Troy Meyers emailed me this week, 2 of my hybrids germinated this week!!!:clap::clap:

1) Paph. primulinum v. flavum x Paph. urbanianum est. 100 plants.
2)Paph. primulinum v. flavum x paph. argus est. 50 plants.

Tom


----------



## NYEric (Mar 7, 2008)

Hey, remember your friends!


----------



## SlipperKing (Mar 7, 2008)

I'll babysitt for free!!!!


----------



## Rick (Mar 7, 2008)

Congratulations.

Getting germination is the first step. These are fun projects


----------



## NYEric (Mar 7, 2008)

I don't babysit until they're seedlings.


----------



## paphioboy (Mar 7, 2008)

Yay!! Congrats..!! I'm drooling over how those (barbatas x cochlos) will turn up... =P


----------



## practicallyostensible (Mar 7, 2008)

Nice!


----------



## WolfDog1 (C. Williams) (Mar 7, 2008)

WOO HOO!!

Congratulations!

Craig


----------



## jblanford (Mar 8, 2008)

That Is So Cool.
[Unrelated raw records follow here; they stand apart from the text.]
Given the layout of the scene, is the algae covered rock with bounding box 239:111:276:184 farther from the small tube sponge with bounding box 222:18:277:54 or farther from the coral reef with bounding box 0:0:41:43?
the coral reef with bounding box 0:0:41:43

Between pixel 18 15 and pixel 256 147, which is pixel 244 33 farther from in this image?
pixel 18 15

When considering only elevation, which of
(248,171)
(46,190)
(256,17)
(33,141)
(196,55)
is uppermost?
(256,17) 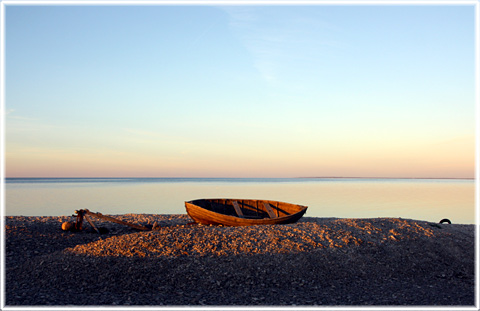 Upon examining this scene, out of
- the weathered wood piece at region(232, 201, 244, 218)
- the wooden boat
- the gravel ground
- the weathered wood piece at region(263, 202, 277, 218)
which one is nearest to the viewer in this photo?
the gravel ground

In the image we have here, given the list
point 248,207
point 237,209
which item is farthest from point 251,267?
point 248,207

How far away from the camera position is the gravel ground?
9.06 metres

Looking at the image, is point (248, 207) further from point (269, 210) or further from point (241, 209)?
point (269, 210)

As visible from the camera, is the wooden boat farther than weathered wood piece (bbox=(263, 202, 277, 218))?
No

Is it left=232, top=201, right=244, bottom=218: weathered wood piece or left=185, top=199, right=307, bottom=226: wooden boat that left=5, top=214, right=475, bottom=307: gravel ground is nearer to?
left=185, top=199, right=307, bottom=226: wooden boat

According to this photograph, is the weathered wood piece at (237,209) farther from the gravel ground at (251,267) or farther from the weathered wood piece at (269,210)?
the gravel ground at (251,267)

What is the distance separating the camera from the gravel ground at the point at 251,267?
906cm

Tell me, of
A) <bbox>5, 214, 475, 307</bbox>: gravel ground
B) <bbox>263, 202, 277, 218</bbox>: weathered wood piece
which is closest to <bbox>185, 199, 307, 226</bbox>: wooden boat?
<bbox>263, 202, 277, 218</bbox>: weathered wood piece

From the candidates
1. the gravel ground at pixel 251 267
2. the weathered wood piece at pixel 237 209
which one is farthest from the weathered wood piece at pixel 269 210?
the gravel ground at pixel 251 267

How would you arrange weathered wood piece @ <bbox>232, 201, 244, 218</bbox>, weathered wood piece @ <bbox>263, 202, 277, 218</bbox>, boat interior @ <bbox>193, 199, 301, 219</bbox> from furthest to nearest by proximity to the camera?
1. weathered wood piece @ <bbox>232, 201, 244, 218</bbox>
2. boat interior @ <bbox>193, 199, 301, 219</bbox>
3. weathered wood piece @ <bbox>263, 202, 277, 218</bbox>

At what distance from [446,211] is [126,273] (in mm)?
33334

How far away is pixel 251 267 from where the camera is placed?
425 inches

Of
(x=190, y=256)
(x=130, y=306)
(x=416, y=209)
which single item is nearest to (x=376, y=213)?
(x=416, y=209)

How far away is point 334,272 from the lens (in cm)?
1094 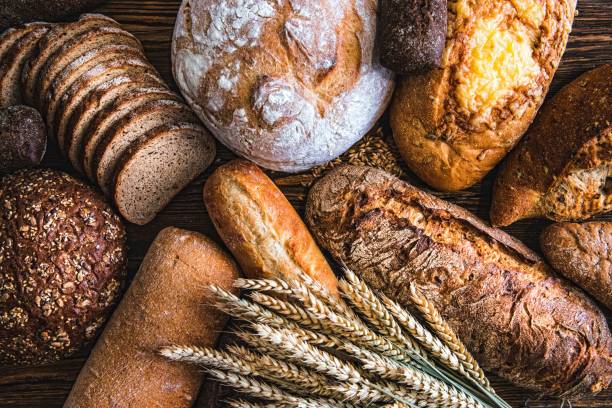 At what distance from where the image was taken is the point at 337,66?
195 cm

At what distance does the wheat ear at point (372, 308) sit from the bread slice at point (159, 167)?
0.85 m

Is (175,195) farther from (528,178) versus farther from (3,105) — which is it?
(528,178)

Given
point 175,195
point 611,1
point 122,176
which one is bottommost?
point 175,195

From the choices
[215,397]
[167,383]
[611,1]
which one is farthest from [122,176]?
[611,1]

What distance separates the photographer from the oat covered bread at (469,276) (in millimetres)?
2080

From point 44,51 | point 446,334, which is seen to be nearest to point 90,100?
point 44,51

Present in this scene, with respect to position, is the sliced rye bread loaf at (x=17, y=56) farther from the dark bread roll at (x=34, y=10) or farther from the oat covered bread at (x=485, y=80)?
the oat covered bread at (x=485, y=80)

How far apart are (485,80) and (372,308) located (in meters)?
0.93

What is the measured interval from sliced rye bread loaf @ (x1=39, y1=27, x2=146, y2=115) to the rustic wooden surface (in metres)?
0.29

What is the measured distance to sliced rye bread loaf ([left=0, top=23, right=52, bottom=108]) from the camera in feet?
6.70

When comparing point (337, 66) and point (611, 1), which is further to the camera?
point (611, 1)

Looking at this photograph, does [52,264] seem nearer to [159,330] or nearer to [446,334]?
[159,330]

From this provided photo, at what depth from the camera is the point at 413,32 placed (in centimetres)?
184

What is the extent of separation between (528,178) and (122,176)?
1.63 metres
Jim


----------



## biothanasis (Mar 8, 2008)

Jim you made the start... !!!!!!! I hope everyone of them grows well and flowers for you...


----------



## Ellen (Mar 8, 2008)

Congratulations on the new babies! It's exciting to hear that your plants have germinated.


----------



## tocarmar (Jun 21, 2008)

The primary cross I did, primulinum var. flavum x argus, went from est. 50 plants to 170 plants.

Tom


----------



## Rick (Jun 21, 2008)

tocarmar said:


> The primary cross I did, primulinum var. flavum x argus, went from est. 50 plants to 170 plants.
> 
> Tom



That's a good sign for success.:clap:


----------



## Drorchid (Jun 21, 2008)

Congratulations !!!

It is always exciting to see your "Babies" germinate, and when they will start to bloom it will be even more exciting. I looked up both crosses, and neither one of them has been registered yet. Is this why you made them?

Robert


----------



## Jim Toomey (Jun 21, 2008)

Have any photos of the parents in bloom?


----------



## tocarmar (Jun 21, 2008)

Rick,
Yes, it is!!

Robert,
No, I didn't know that the crosses weren't registered when I did them. I just knew that I haven't seen any offered. I am hoping for a smaller Pinocchio with a bigger flower & a little more color.

AHAB,
I do!! I will post them when I find them.

Tom


----------



## NYEric (Jun 21, 2008)

More plants to trade.


----------



## tocarmar (Jun 22, 2008)

This is the primulinum var. flavum pod parent for both crosses.







This is the pollin parent Paph. argus





Still looking for the urbanianum pics.

Tom


----------



## rdlsreno (Jun 23, 2008)

Way to go!!!


Ramon


----------



## Ellen (Jun 23, 2008)

Babysit? I'll adopt.


----------